Start of Block

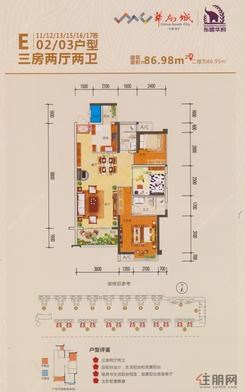 【E-02/03户型】3室2厅2卫1厨2阳台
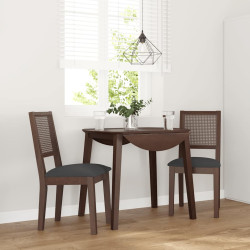 Cadeiras de jantar com almofadões 2 pcs madeira maciça castanho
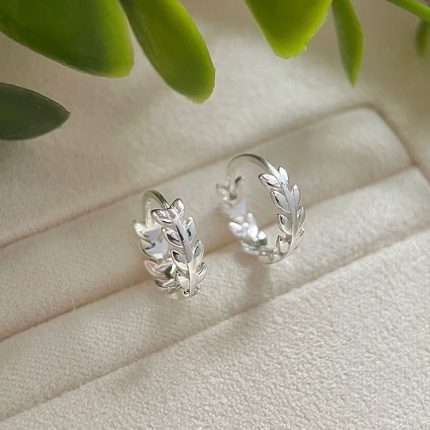 925 Sterling Silver Leaf Hoop Earrings - Image 5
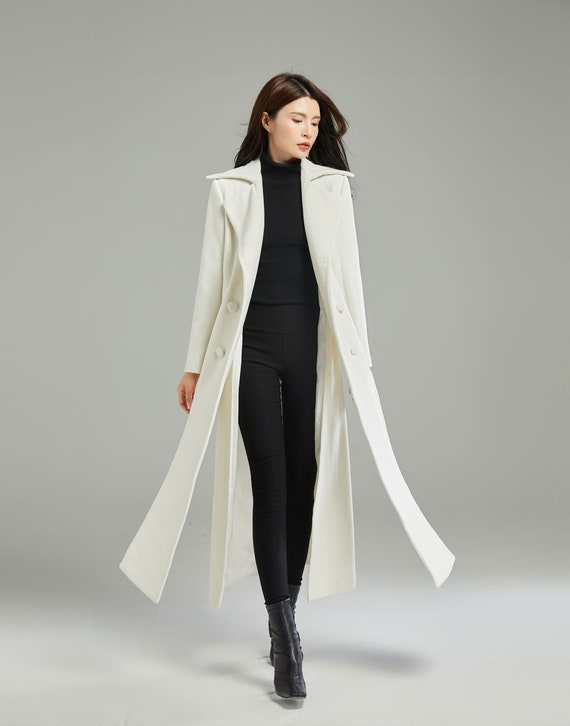 White Wool Coat, Long Wool Coat, Asymmetrical Wool Coat, Wool Coat Women,  Winter Coat Women, Belted Wool Coat, Custom Coat, Ylistyle C2997 -   Hong Kong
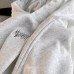 Hoodie for Women in White and Gray with Embroidery, Oversized Hooded Sweatshirt Top, Casual Fit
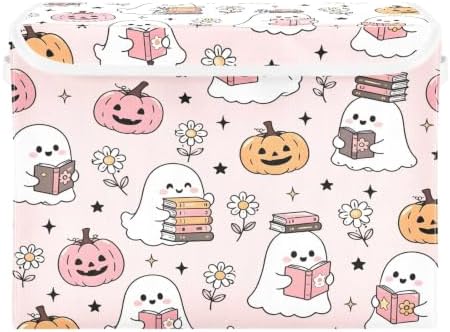 Bolaz Halloween Ghost Pumpkin Pink Storage Bins with Lids and Handles, Storage Box Basket with Cover Collapsible Organizer Containers for Home Closet, Shelves - Image 2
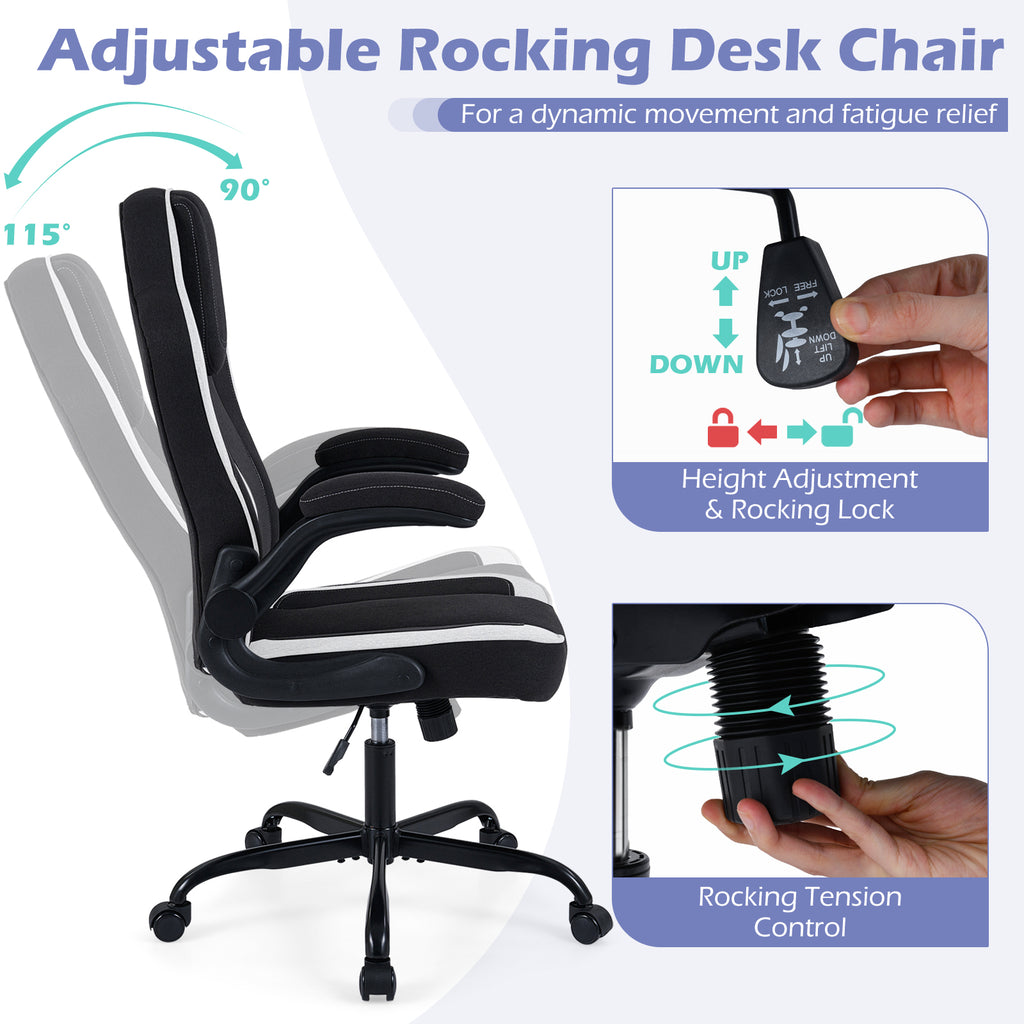 Ergonomic Computer Office Chair with 90° Flip-up Armrests-Black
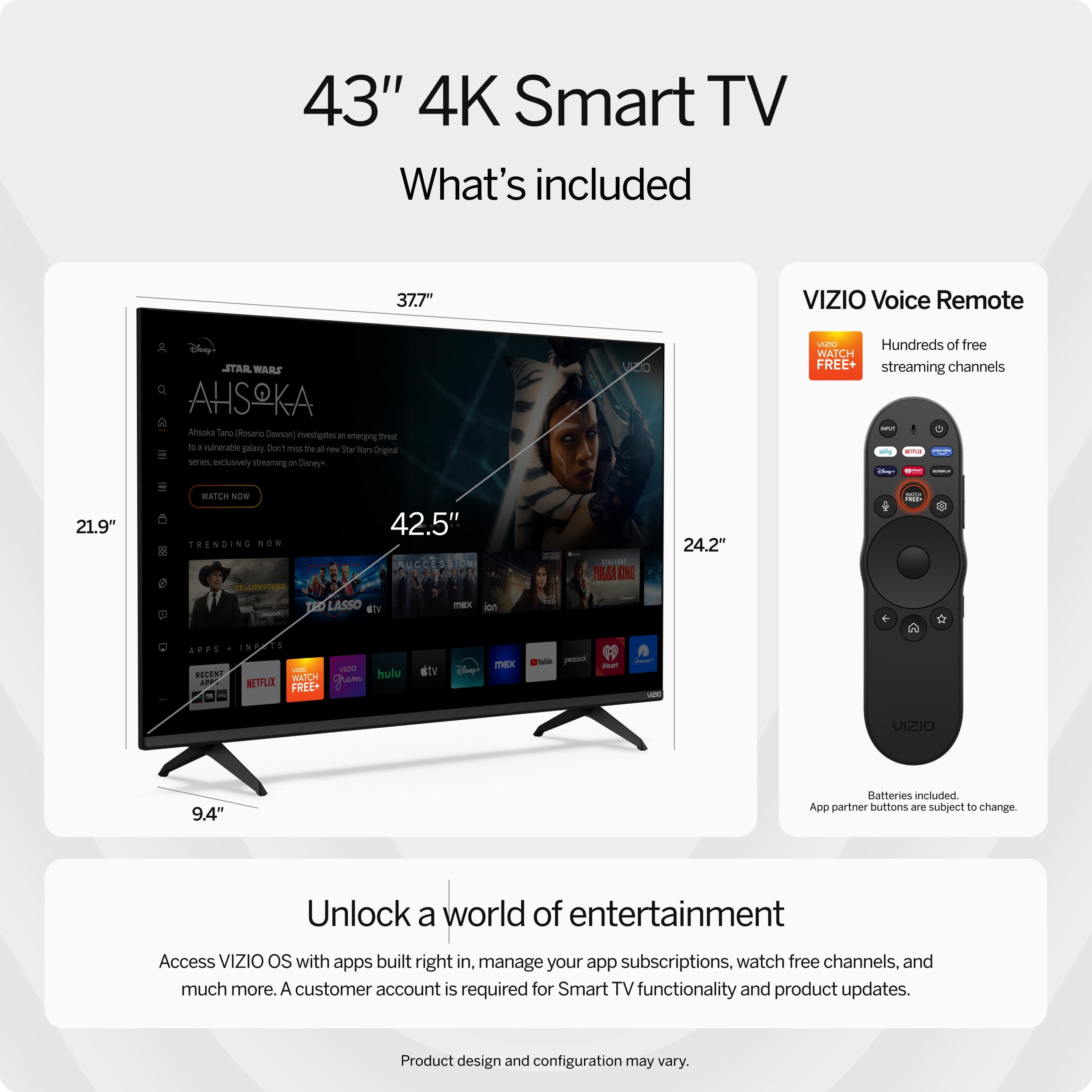 VIZIO 43" Class 4K LED HDR Smart TV (V4K43M-08) - Image 2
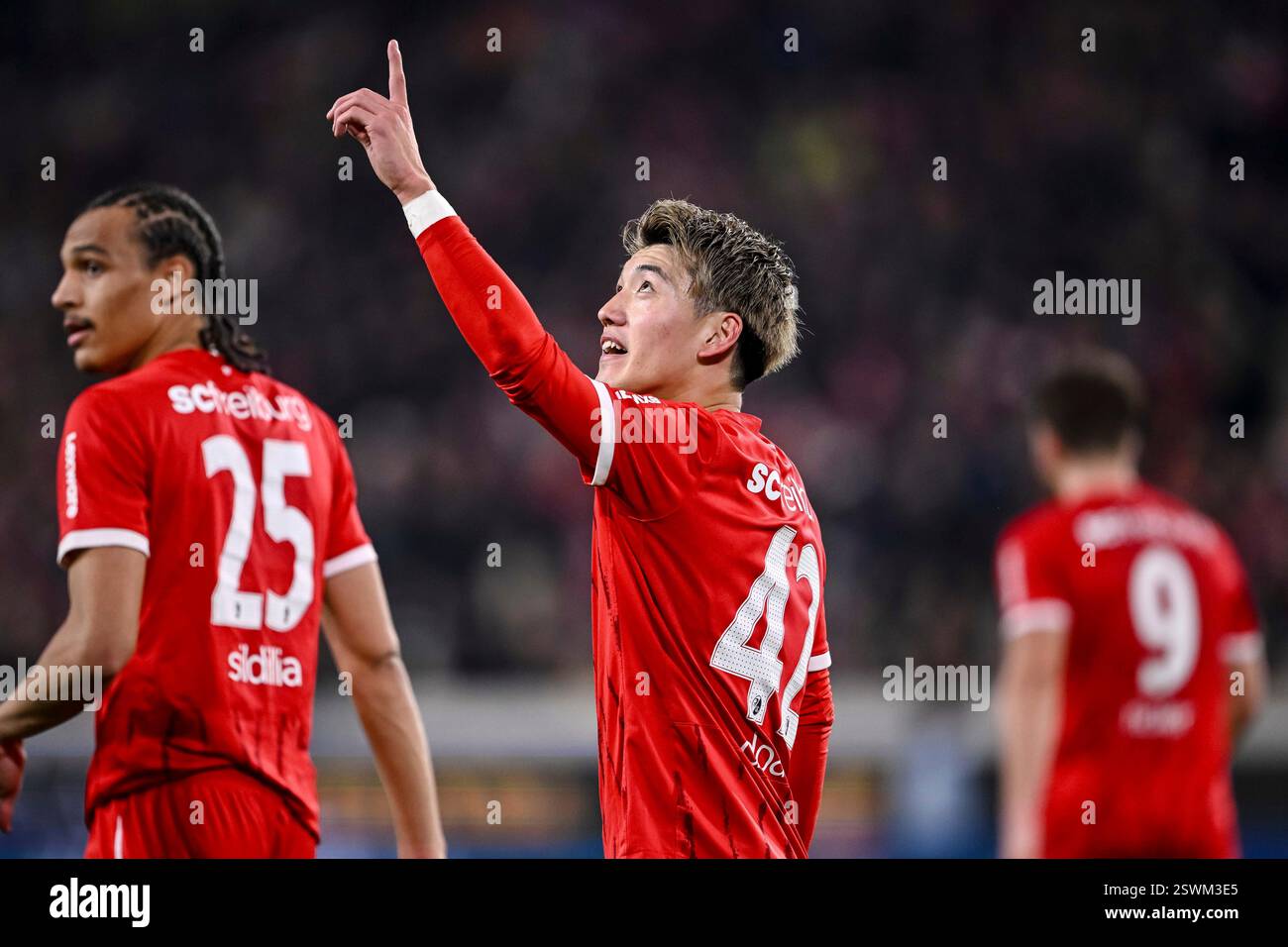 Freiburg's Ritsu Doan celebrates scoring during the Bundesliga soccer ...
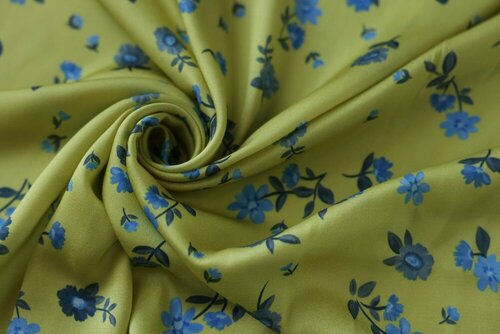 Ткань желтая вискоза для шитья с цветами (сатин)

End of Block

◆ WHAT YOU HAVE TO DO
Please give back exactly the lines from the first line of the records above through the line containing "White Wool Coat, Long", only those and both included, with the pictures removed.

◆ RESULT FOR THIS TASK
 【E-02/03户型】3室2厅2卫1厨2阳台
 Cadeiras de jantar com almofadões 2 pcs madeira maciça castanho
 925 Sterling Silver Leaf Hoop Earrings - Image 5
 White Wool Coat, Long Wool Coat, Asymmetrical Wool Coat, Wool Coat Women,  Winter Coat Women, Belted Wool Coat, Custom Coat, Ylistyle C2997 -   Hong Kong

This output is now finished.